Panie Waldemarze.
Zgadzając się z większością Pana tez muszę się jednak włączyć do dyskusji. Otóż mimo, że przyznaję, że stosowanie wspomnianego źródła prądowego jest jak, to zostało powiedziane "przerostem formy nad treścią" istnieją według mnie fizyczne podstawy uzasadniające ich stosowanie. Sama włączając się do dyskusji oparłam się na tezach przedstawionych w artykule z AudioXpress, które to pismo (zawierające obecnie w sobie dawne Glass Audio) trudno podejrzewać o brak merytorycznego podejścia. Żródła prądowe do zasilania żarzenia (także lamp serii E

) stosują niektóre firmy uznawane za wiodące w produkcji wzmacniaczy lampowych (np. Balanced Audio Technology). Ja osobiście zgadzam się z opinią, że znaczna część lamp psuje się na skutek przepalenia włókna żarzenia w momencie włączania "zimnego" włókna na skutek przekroczenia dopuszczalnej wartości prądu. Żródło prądowe stanowi w końcu gwarant nie przekroczenia wartości prądu zdefiniowanego przez jego wydajność. To jest po prostu fakt. Wymóg utrzymania wartości napięcia żarzenia na poziomie 6,3V dla lamp serii E jest całkowiecie przekonywujący. Wynika on z faktu, że dla nominalnej oporności włókna to nominalne napięcia gwarantuje przepływ nominalnego prądu, który z kolei gwarantuje nominalną temperaturę pracy katody i tym samym znowu nominalne uznane przez producenta za optymalne warunki emisji katody. Tak więc napięcie żarzenia 6,3V dla lamp serii E wynika z faktu, że przy tym właśnie napięciu przez włókno żarzenia płynie prąd, o który nam chodzi, on to bowiem jest tym parametrem którym sterujemy w naszym układzie zasilania. Oczywiście jak już wspomniałam parametry włókien żarzenia lamp serii E są tak dobrane, że twórca układu musi po prostu zadbać o to aby napięcie przykładane do żarzenia miało te 6,3V. Prawo Ohma jednak obowiązuje i zawsze możemy dokonać prostej transformacji i przy danej oporności włókna mówić o wymaganym prądzie żarzenia i ustalajac ten prąd (nie znając podawanego przez producenta napięcia żarzenia) po jego wyregulowaniu przekonać się, że uzyskujemy go przy napięciu właśnie 6,3V.

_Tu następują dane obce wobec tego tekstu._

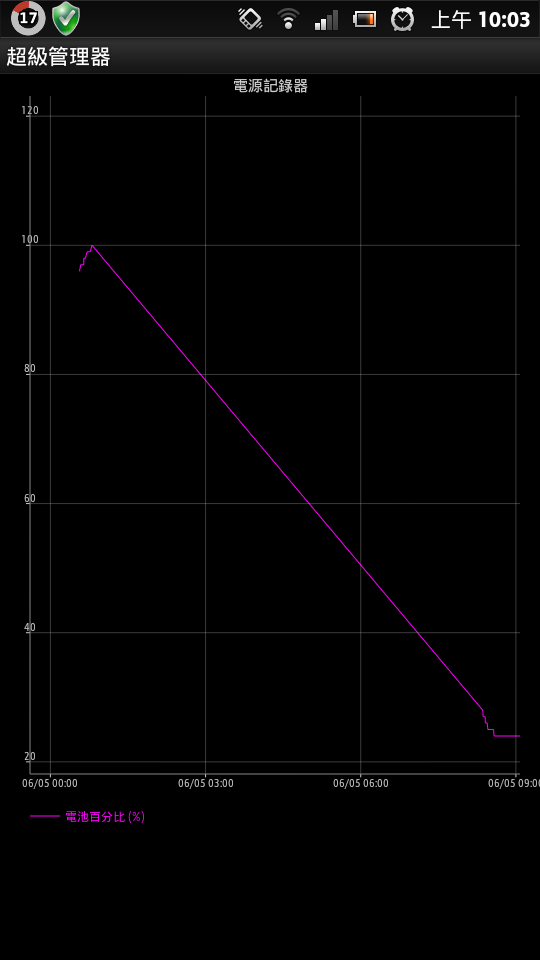 xperia p的電池問題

Musi Pan przyznać, że to, że lampy serii E w katalogach mają podane napięcia żarzenia, a lampy serii U prąd żarzenia wynika jedynie z wygody stosowania i możliwości równoległego łączenia żarzenia w przypadku podawania napięcia (oczywiście o tej samej wartości) i szeregowego w przypadku lamp żarzonych tym samym prądem.
Tak więc zamiast mówić, że EABC80 ma napięcie żarzenia 6,3V możemy podać, że ma ona prąd żarzenia 0,48A i vice versa zamiast mówić, że odmiana U tej lampy czyli UABC80 ma prąd żarzenia 100mA możemy powiedzieć, że powinna być zasilana napięciem 28V (przepraszam jeśli popełniłam jakiś błąd czytając dane katalogowe, ale nie o konkretne wartości tu chodzi).

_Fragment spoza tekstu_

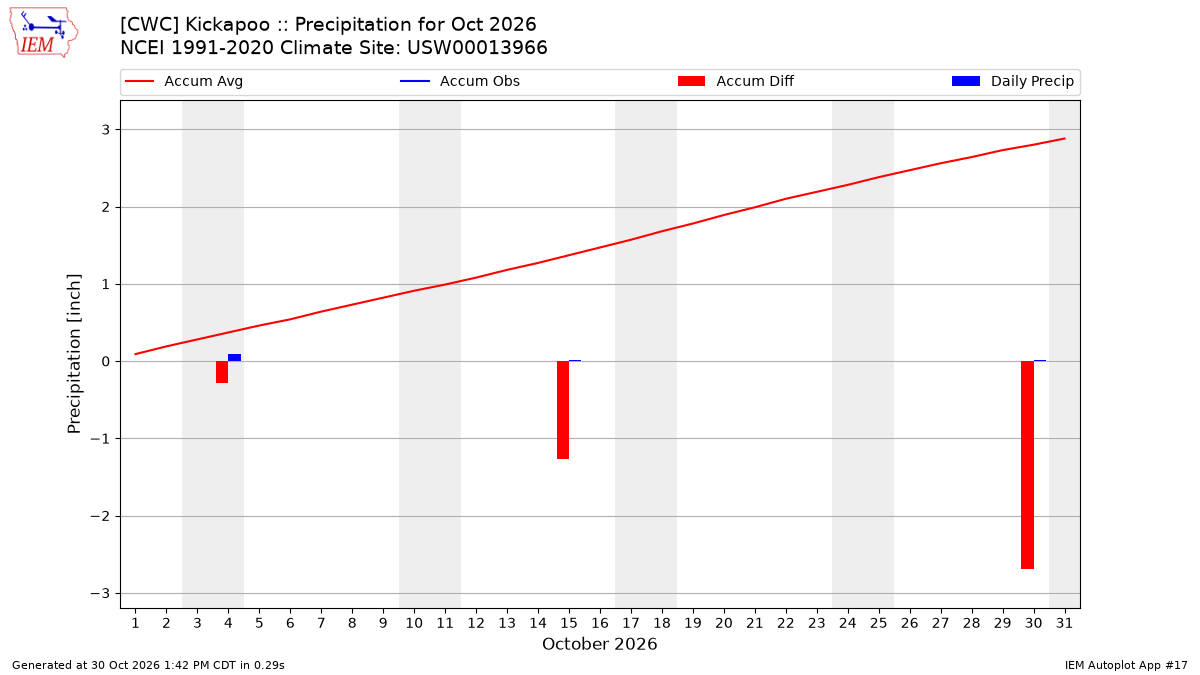 Monthly Plot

Ten długi wstęp potrzebny mi był aby wykazać, że lampy serii E i U możemy od strony żarzenia traktować zarówno "napięciowo" jak i "prądowo", czyli wymiennie. Sposób traktowania inny niż tradycyjny utrudni nam jedynie odczytywanie danych katalogowych oraz oczywiście będzie całkowicie nieoptymalny z punktu widzenia konstrukcji układu zasilania żarzenia, choć w końcu możliwe jest przecież szeregowe połączenie lamp serii E o tym samym prądzie żarzenia i zasilanie ich z napięcia większego niż 6,3V (w końcu niektóre popularne triody podwójne tak się właśnie zasila).
No i na koniec kwintesencja. Sam Pan przyznał, że w przypadku lamp serii U stosuje się rozwiązania odpowiadające sterowaniu żródłem o dużej oporności wyjściowej, a całkowicie odrzucił Pan tą koncepcję w przypadku lamp serii E. Starałam się wykazać, że jest to zbyt radykalne (to odnośnie tego noża

. Idąc dalej Pana tropem:
"Zafundowanie źródla spowoduje, że przy najmniejszych ruchach rezystancji włókna, będzie pływać napięcie żarzenia!!"
odpowiem
"Zafundowanie źródła napięciowego powoduje przy najmniejszych ruchach rezystancji włókna, że będzie pływać prąd żarzenia"
I polemizowała bym, czy to właśnie pływanie prądu żarzenia nie jest bardziej niekorzystne niż napięcia.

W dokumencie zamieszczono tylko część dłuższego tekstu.